第九百四十八章:不容置疑(第2/2頁)

這種痛,更像是某種不能言明的慚愧,讓他緊握著手心,直到把神裂之術的手掌捏的粉碎也沒有察覺。

神裂之術的碎片緩緩落在他的身上,帶著難以描述的哀傷,一個奇怪的問題浮現在蕭千夜的腦中,自己開始控制不住情緒,在理智阻止之前他就下意識的脫口:“你想她幫你什麽?”

帝仲赫然回神,語氣平靜:“隨口一說而已,別當真。”

蕭千夜不置可否的看著帝仲,第一次看到他有這樣的表情,大概是實在找不到可以說的話,忽然鬼使神差的問道:“你的國家呢?”

這個問題讓帝仲神思恍惚了半晌,不知道想著什麽,不覺又微微嘆息了一聲,神色淡淡的回答:“早就毀滅了,和所有墜天的流島一樣。”

蕭千夜坐了起來,雖然有部分的記憶相融,但他對帝仲的了解依然很少,看著對方殘影裏那抹完全無法理解的冷定,追問:“你沒出手?以你的能力,很輕松就能救下來吧。”

“我不是你。”帝仲輕聲接話,不知在想些什麽,“上天界不會插手這些事情,因為墜天是每一座流島的壽數終結,飛垣是幸運的,它先是遇到了鳳姬,然後又遇到了你,可惜這樣的幸運兒太少太少了。”

仿佛觸及到什麽不願意多提的哀傷,帝仲搖搖頭終止了這個話題,蕭千夜奇怪的看著他,終於忍不住質問:“你不會只是來和我說這些事的吧?”

帝仲擡手就戳在了他的額頭中心,問道:“瀟兒身上那個術法被你轉移了,你又不會用,轉移過去幹什麽?”

“用?”他下意識的摸了摸自己的額頭,瞥見帝仲嘖了一聲舌,罵道:“這是術法又不是機器,你以為按個開關它就會自己動起來嗎?”

氣氛頓時有些尷尬,仔細回想起來,自他將帝仲留在雲瀟身上的這個術法轉移之後,確實一次也沒有感覺到異常,以至於這會忽然提起,他都愣了好一會方才反應過來。

帝仲看著自己的後裔,想不明白到底是什麽神奇的血緣才會讓他連自己的缺點都毫無改變的繼承了下來,只能忍著嫌棄繼續說道:“你是該找個師父好好教一下術法了,真就偏科如此嚴重,連這麽簡單的術法都不會用嗎?我第一次在她身上留下這種術法,是因為在東濟島她被破軍打傷攪碎了半邊身體,好巧不巧她曾用相同的術法為你大哥化解過反噬之力,最後雪原決戰的時候奚輝一次性解除夜咒,負擔超出了術法可以承受的極限,這才陰差陽錯的二次轉移到了你的身上,但是極限之內,你不去碰它,它是不會起作用的。”
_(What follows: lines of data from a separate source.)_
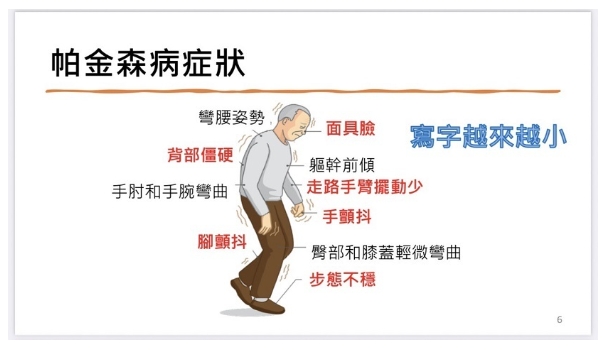 帕金森病癥狀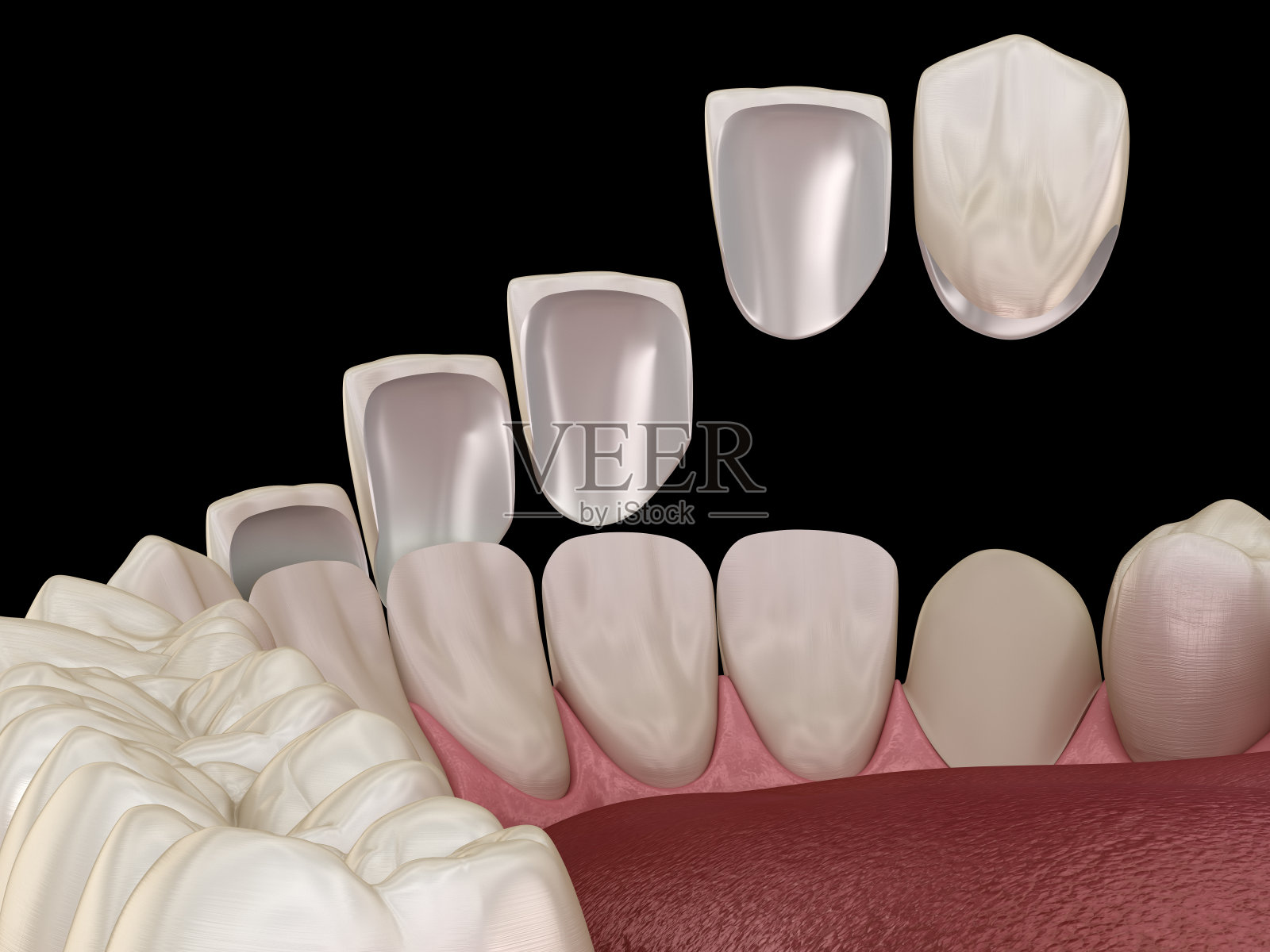 中切牙和侧切牙贴面安装程序。医学上准确的牙齿3D插图照片摄影图片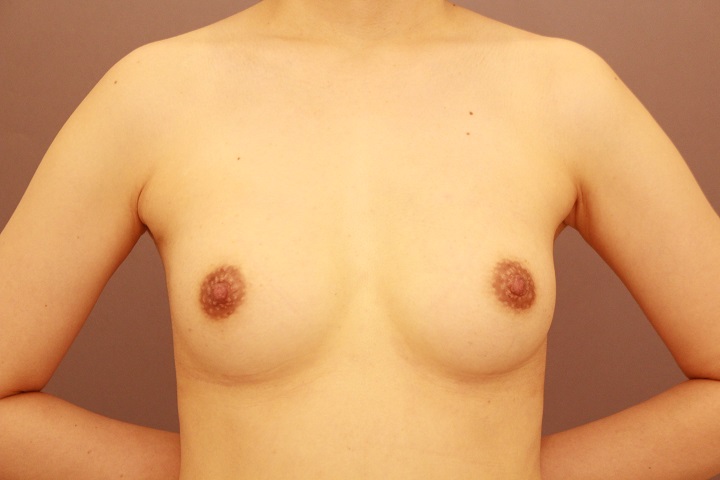 シリコンバック抜去＆コンデンスリッチ豊胸　１か月経過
說罷他用手指在術法的中心位置輕輕揉動,果不其然瞬間就能感覺到一股沉重的乏力山洪傾瀉般撲來,蕭千夜微微一驚,又聽見帝仲一聲嘆息,似乎有意味不明的神色掠過,又在他想要看清楚的刹那間安靜的閉上了雙眼:“這個術法在你身上會讓傷勢更加嚴重難以好轉,她已經收回了火種,天火的自愈能力很強……至少比你要強,大可不必多此一舉。”
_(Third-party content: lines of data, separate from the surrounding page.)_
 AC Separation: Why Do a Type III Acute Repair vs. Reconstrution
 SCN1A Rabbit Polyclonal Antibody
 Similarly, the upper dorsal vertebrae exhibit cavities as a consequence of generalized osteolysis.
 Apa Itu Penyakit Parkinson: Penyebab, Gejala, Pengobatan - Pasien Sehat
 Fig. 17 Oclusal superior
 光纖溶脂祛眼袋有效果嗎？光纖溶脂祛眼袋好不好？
“等等……”雖不明白他為什麽忽然說這些話,蕭千夜本能的往後縮了一下想避開帝仲的動作,然而帝仲還是在這一刻直接抹去了額頭的術法,態度冷漠的叮囑了幾句就自行消失了。

帝仲的光暈無聲無息掠過雲隱山莊,一直落到後山寂靜的小院裏才重新凝聚,他其實沒有抹去術法,而是不動聲色的重新收回了自己手裏。

第一次在雲瀟身上留下術法的時候,他看著半身破碎的女子,第一次情不自禁的親吻了她,他抱著昏迷不醒的人,又在她蘇醒的刹那間若無其事的松開了手,從那以後這份無聲的感情無可抑制的萌芽,直到去往終焉之境,兩生之術將屬於他的一切從她的生命裏剝離,帶走了最後一絲對他的砰然心跳,也讓這個術法悄然消失。

第二次在雲瀟身上留下術法的時候,他放下了這麽多年自恃為神的驕傲,只想用最簡單霸道的方法將她據為己有,也終於在那一刻徹底的失去了她。

神裂之術的身子微微一震,有無數話語在心底湧動,終究只是默默苦笑——真是可笑,他留下術法的初衷是想幫她分擔傷痛,而他現在將術法收回到自己身上,只是為了某個會將她推入噩夢的荒誕計劃!